Personalised care and support planning (PCSP) is a systematic process based around 'better conversations' between the person and their health and social care practitioners. The overall aim is to identify what is most important to each person for them to achieve a good life and ensure that the support they receive is designed and coordinated around their desired outcomes.
Personalised care and support planning is a 'meeting of experts'. It brings together those with lived experience and those with technical expertise to identify all the issues, develop solutions and initiate actions. This may be carried out by the individual and/or the statutory or voluntary community services. Essentially, PCSP builds on the person's assets and resources, ensuring they are in the driving seat of decision making.
The outcome is a single plan, no matter how many conditions or issues have been identified, which will be reviewed regularly. This emphasises both that personalised care and support planning is a continuous process, not a one off event. While the plan is an important and useful document, it is the personalised care and support planning process as well as conversation which is at the heart of this new relationship and way of working.
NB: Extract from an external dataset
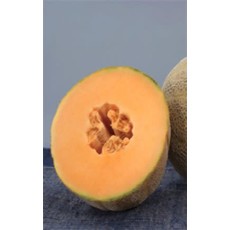 OSC Earlichamp Hybrid Cantaloupe / Melon Seeds 1405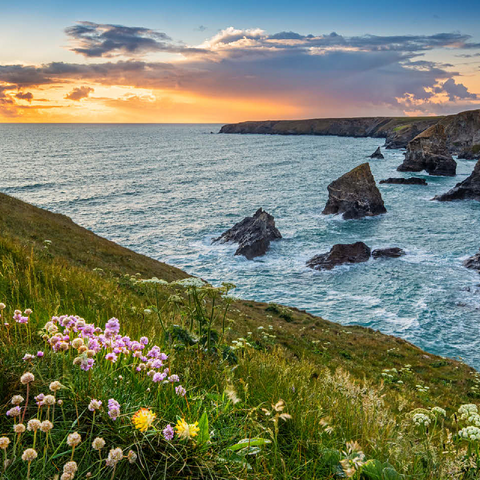 Coast at Bedruthan Steps north of Newquay, North Coast, Cornwall 100 Jigsaw Puzzle 3D Modell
Personalised care and support planning in health settings
In health settings, personalised care and support planning is expected to become the routine way in which traditional health care and support for self management is brought together for each person by:
- sign posting to activities within a supportive community
- coordinating with social care when necessary.
This approach will apply to both long term health and immediate well being.
Personalised care and support planning in social care settings
In social care settings, personalised care and support planning (PCSP) is described in statutory guidance as a holistic, person-centred process that enables the person to identify their needs and outcomes. It also plans how they will be met in ways that work best for them as an individual or family and determines how the person's personal budget will be spent.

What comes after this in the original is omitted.